A severe plasma storm leads DS9 to be temporarily but completely evacuated, save the senior officers (of course) who remain on board. After the evacuation, an unjoined Trill named Verad (John Glover) and his small band of mercenaries gain access to the abandoned station and hold the officers hostage. Verad has come to steal the Dax symbiont from Jadzia—which he believes is rightly his—and damn the consequences that Jadzia will die within hours of the operation.
"Invasive Procedures" is an engaging character story with some surprising depth—though it also has some evident flaws. The premise that sets the episode in motion—the convenient abandoning of DS9—is totally contrived. And the idea that Quark bypasses station security and unwittingly allows these mercenaries to board the station purports to have dire consequences ("You're through here," Kira promises at one point), but ultimately comes off awfully transparent.
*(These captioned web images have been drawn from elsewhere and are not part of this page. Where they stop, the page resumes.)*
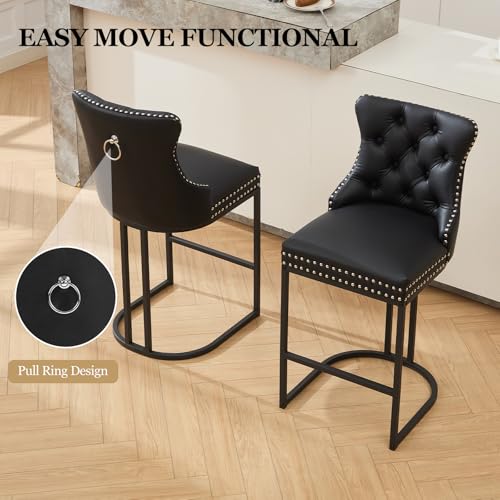 Image of UVV Counter Height Bar Stools Set of 1, 26 inch Modern Barstools with Back, Faux Leather Upholstery Counter Chairs with Metal Legs for Kitchen Island, Bar, Counter, Black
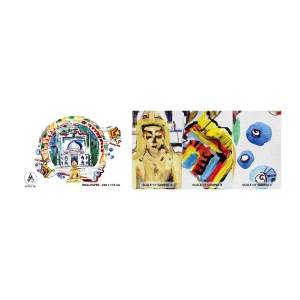 Mostră tapet Premium Canvas - Echilibrul hindus al lumii - Buddha, India, budism - 100x30 cm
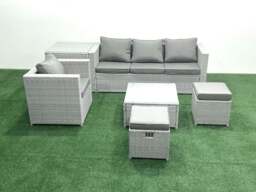 Rackhams Garden Outdoor Furniture Set 6 Seater Rattan Sofa Set with 2 Small Footstools Armchair Side Table Light Grey Mixed - thumbnail 2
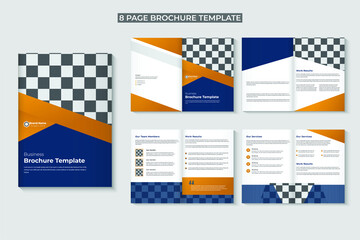 8 pages business brochure template with a modern abstract design. Use for marketing, print, annual report and business, corporate, official presentations and Multi-Purpose. Vector illustration. 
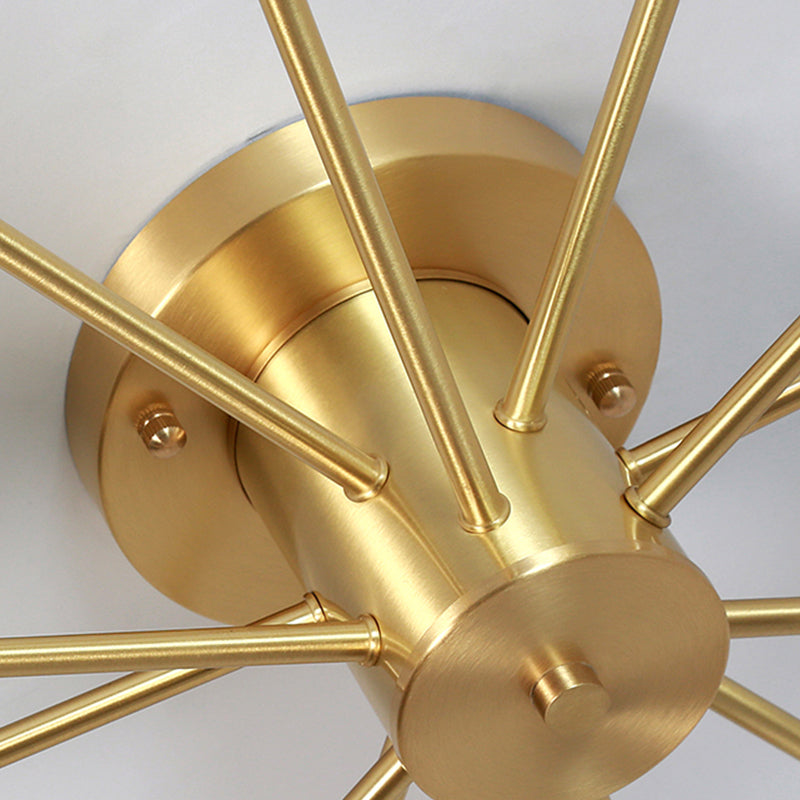 Contemporary Globe Flush Light Crystal Flush Mount Ceiling Fixture in Gold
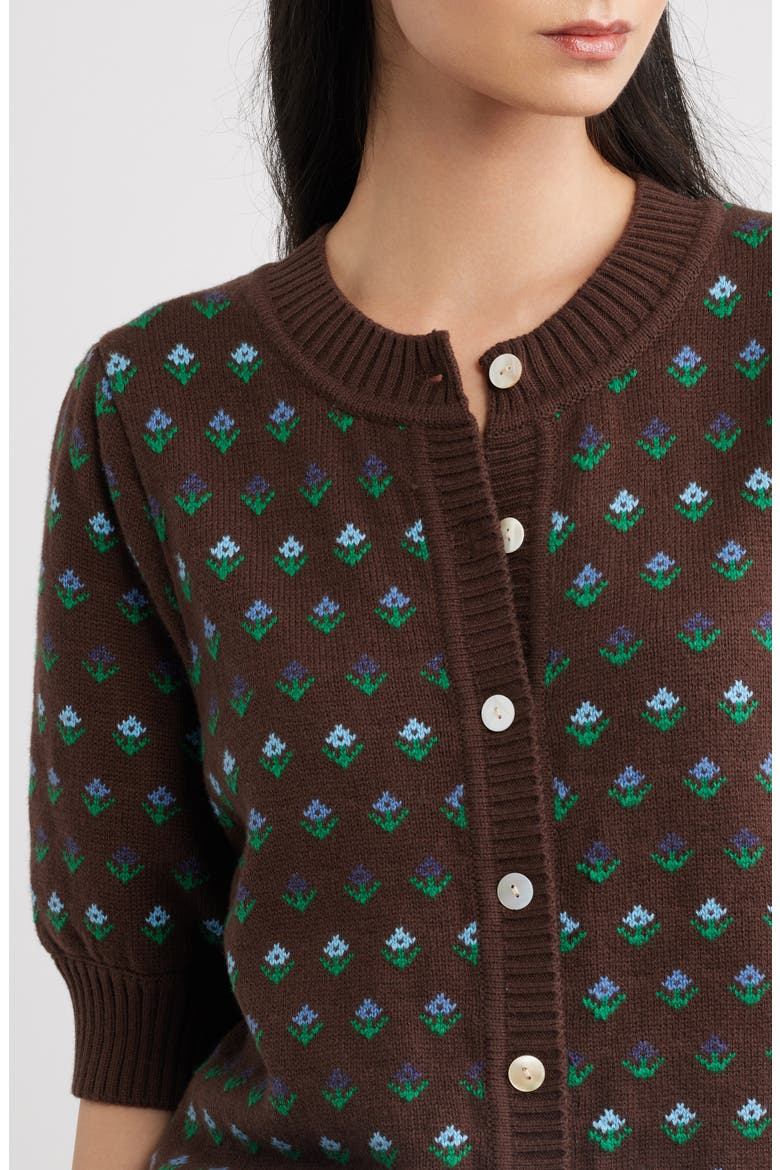 Christine Floral Short Sleeve Cardigan, Alternate, color, COTTAGE FLORAL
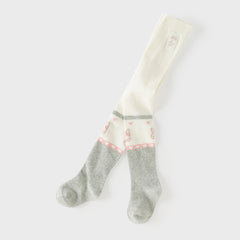 Dave&Bella Toddler Girls Beige Color Block Tights Cute Bunny Heart Print Cozy Tights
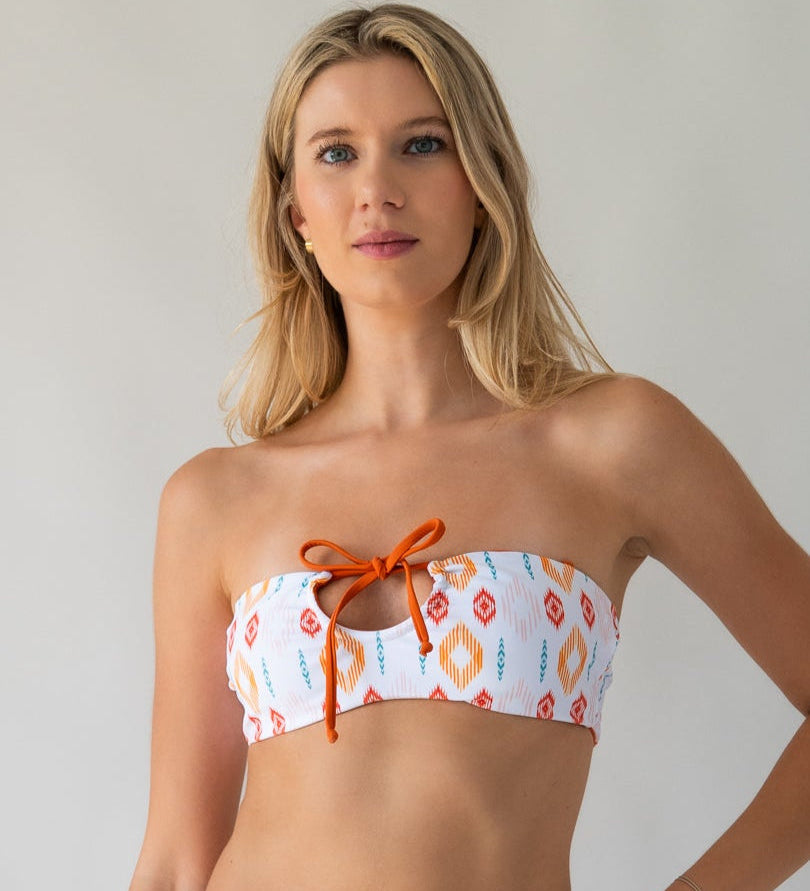 Coastal Glow Bandeau Bikini Top – Orange (Reversible) Babe Mode Boutique
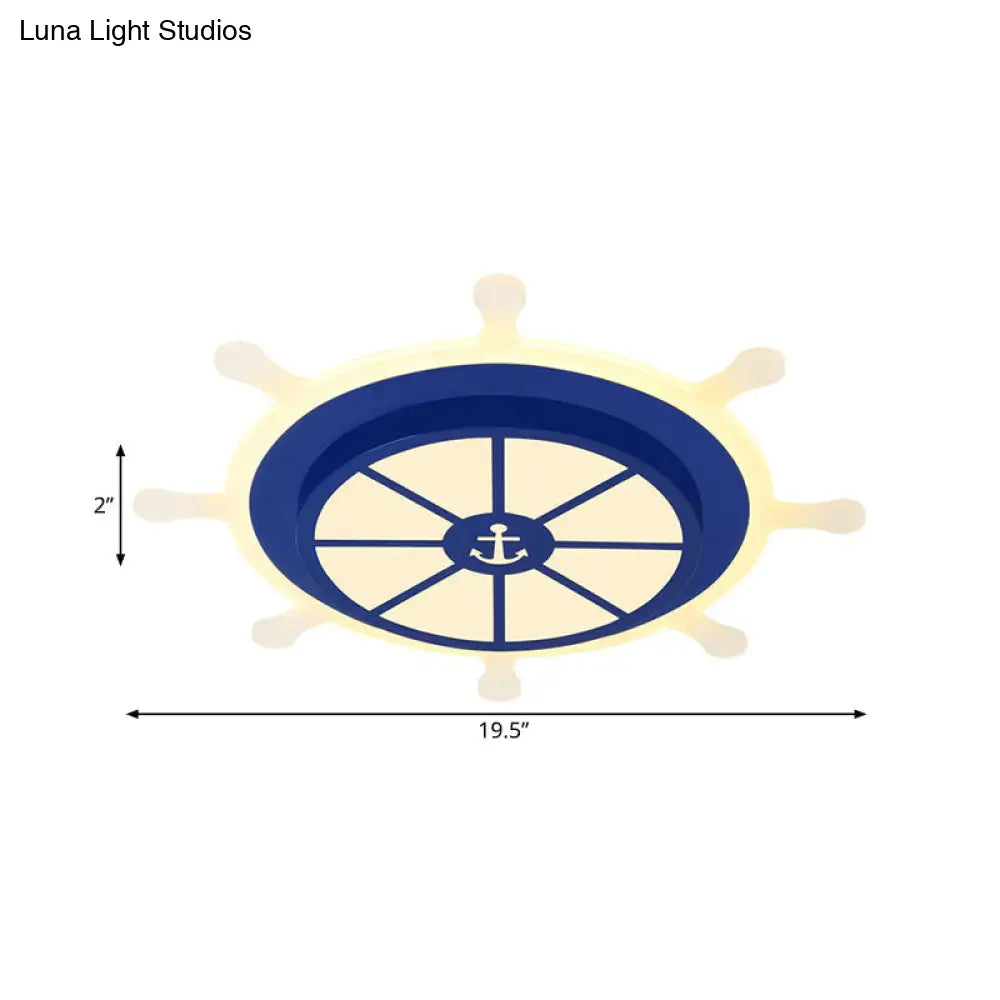 DecorBites™ Cartoon LED Flush Pendant Light with Acrylic Rudder Shade - Blue, White/3 Color Light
But the core of this episode is very strong, featuring some excellent characterizations. John Glover's portrayal of an inept, confidence-lacking Verad is brilliant. Equally brilliant is his change of personality once he steals the symbiont and joins with it, becoming an interesting blend of Verad and Dax. Sisko's response to the joining is utterly fascinating to watch, as he attempts to reason with the friend he knows resides inside the new Verad. Sisko also slowly wears down Verad's girlfriend Mareel (Megan Gallagher), who watches in dismay as the man she knows transforms into a personality who subtly reveals he doesn't "need" her anymore.
The subplotting involving Bashir, Quark, and the Klingon mercenaries (Steve Rankin and Voyager's Tim Russ) proves amusing, albeit routine. But the psychological twists and turns involving Sisko, Mareel, and the tragic Verad keeps this show in top form.